Manga and comic books are often distributed in the CBZ/CBR archives, but even when it’s a simple ZIP/7z/RAR archive I still recommend using a dedicated reader for nerds — it’ll make the reading experience a lot better and easier. On PC and Mac I recommend taking a look at YACReader. On iOS the best free reader is iComix. I just checked and there is also a reader called iComics now — that’s not the one I’m talking about.
update: I have several gripes with iComix now (still the best free reader on iOS tho).

  1. 🖕 (probably fixed in later versions but since my iPad is pretty old I cannot update the app) Occasionally ZIP archives just don’t import correctly. iComix will unpack it, but for each page it will create an empty one and put it at the start. So if there is 200 pages in the archive, in iComix it becomes 400, with first 200 containing nothing (which may trick you into thinking that the whole thing is broken, but it is not: the actual pages just start at 201). Not the end of the world, but the annoying part is that I have absolutely no idea what’s causing it. At first I thought it was the macOS’s hidden “dot” files. No. Then I thought I traced it down to pages being in sRGB. But no, that too got disproved eventually. Absolutely freakish bug. If it annoys you too much, there is another reader called ComicFlow that doesn’t have it (also free but a bit more jenky and significantly less slick, but totally usable and also without ads). In my experience hidden macOS’s files are not confusing iComix at all, so don’t waste your time trying to clean up archives of stuff that you can’t see.
  2. 🖕 If some ZIP archives unpack for you with random gibberish symbols in the file names where kanji and kana should — you need a better unarchiver. The thing, however, is that iComix needs one as well. Those archives will never import into iComix correctly (random pages will be missing, out of order, and they can even corrupt other perfectly fine archives importing with them in the same batch). Solution: unpack all archives on your computer first and re-pack them yourself before sending to iComix.
  3. 🖕 Same thing goes for archives that contain any files that iComix cannot read (safe for the hidden macOS files, and maybe even any hidden files period). If you didn’t compress the ZIP file yourself, definitely check it for garbage if you’re encountering problems: there is probably some txt or html file there with the releaser’s credentials.
  4. 🖕 Not being able to turn pages from right to left is more annoying than I initially thought. What’s even more annoying is that if you are in the 2-page landscape mode, since pages go from left to right — 2-page spreads are always ruined (the right page is always on the left, the left one is always on the right).
  5. 🖕 Not being able to rename “folders” is pretty stupid. Altho the app sorta automatically fixes this problem by allowing creation of new “folders” you can name… and yeah, you cannot rename those either. That’s first-party Apple app territory of having a jenky, unintentional, borderline lucky workaround to an extremely basic oversight.
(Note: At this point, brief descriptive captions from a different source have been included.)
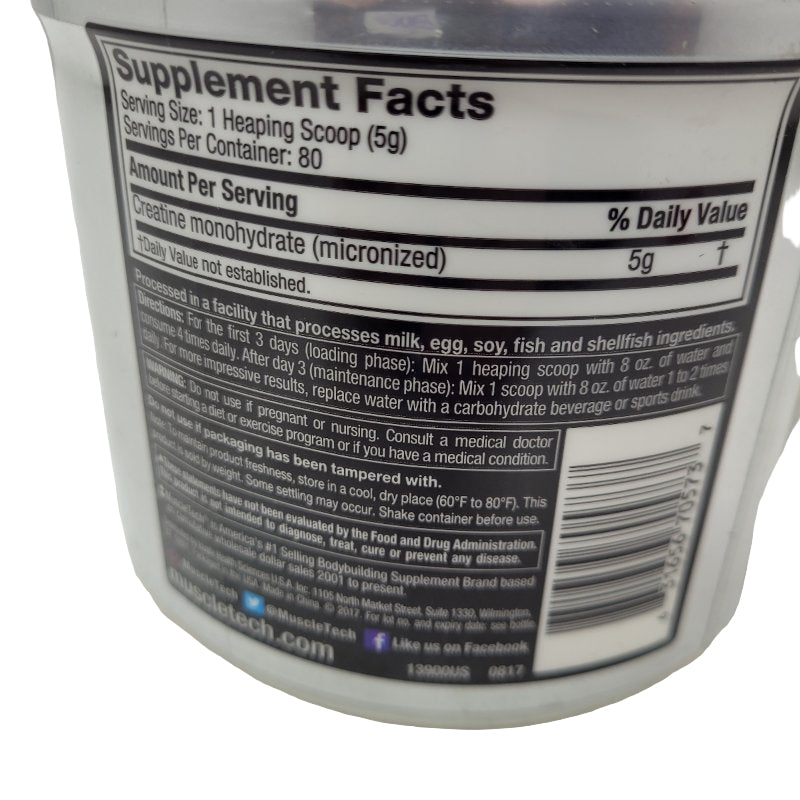 Creatina 100% Muscletech Sabor Muscletech, Sin Sabor 400 G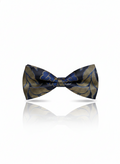 Luxury Navy Blue and Bronze Baroque Men's Bow Tie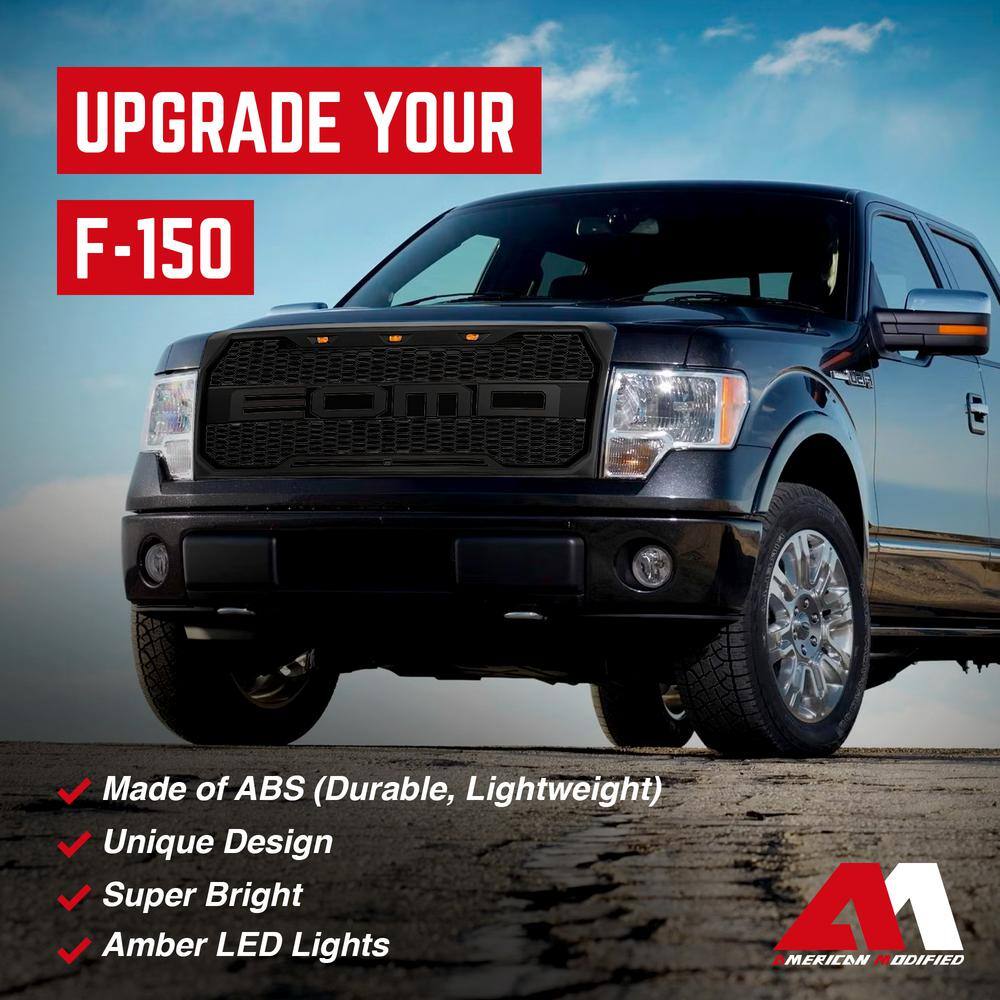 Black Front Upper Grille For 2009-2014 Ford F-150 - Direct Replacement, ABS Plastic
If you are looking for light novels, always prioritize text-based formats (as opposed to blurry scanned image file-based formats) like EPUB and 青空文庫. EPUB is a pretty universal formal for ebooks, and 青空文庫 is a format invented by a Japanese preservation library website of the same name (due to how easy it is to work with, it is used by other people as well now). Feel free to check out said library, by the way: it’s free, but it’s mostly pretty old stuff that went public domain. However, it obviously goes without saying, but: most books don’t have furigana, and older books are no exception.
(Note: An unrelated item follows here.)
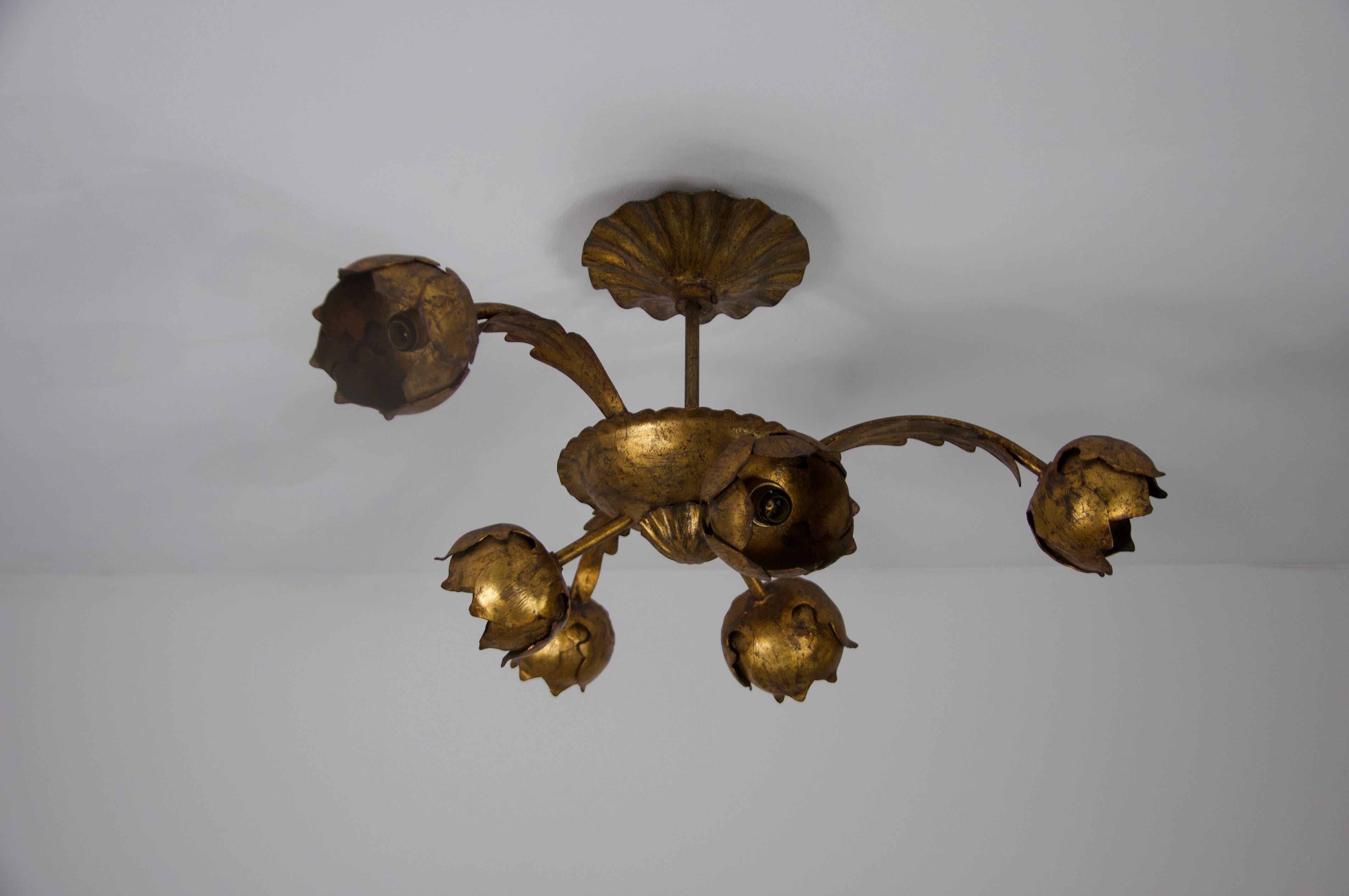 Italian Large Golden Florentine Flower Shape Ceiling Lamp, Italy, 1970s For Sale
EPUB is very easy to open: most systems come with tools for that (example: iBooks for macOS and iOS), for any other system there are dozens of reader apps out there. If you have a hardware reader — EPUB is literally its main thing. Unless you are rocking a Kindle: I think without some hackage they only read the amazon’s proprietary format in which come the books you buy off the kindle store. What a great consumer-friendly piece of technology, can’t wait to buy the biggest, most expensive one.

For 青空文庫 you are definitely going to have to find a reader app, and it’s even possible that it’ll come with Japanese-only interface. I don’t have a recommendation for you on this one: I only read on my iPad, which is pretty old and I actually can’t install new-ish apps on it (except for the ones I already have in “purchased”, in which case I’ll be allowed to download older versions). So the only old-ish 青空文庫 reader I could install is pretty old and a bit buggy: it doesn’t recognize the entire “package” of an 青空文庫 “file” — it only reads the text file portion of it — so you end up without images.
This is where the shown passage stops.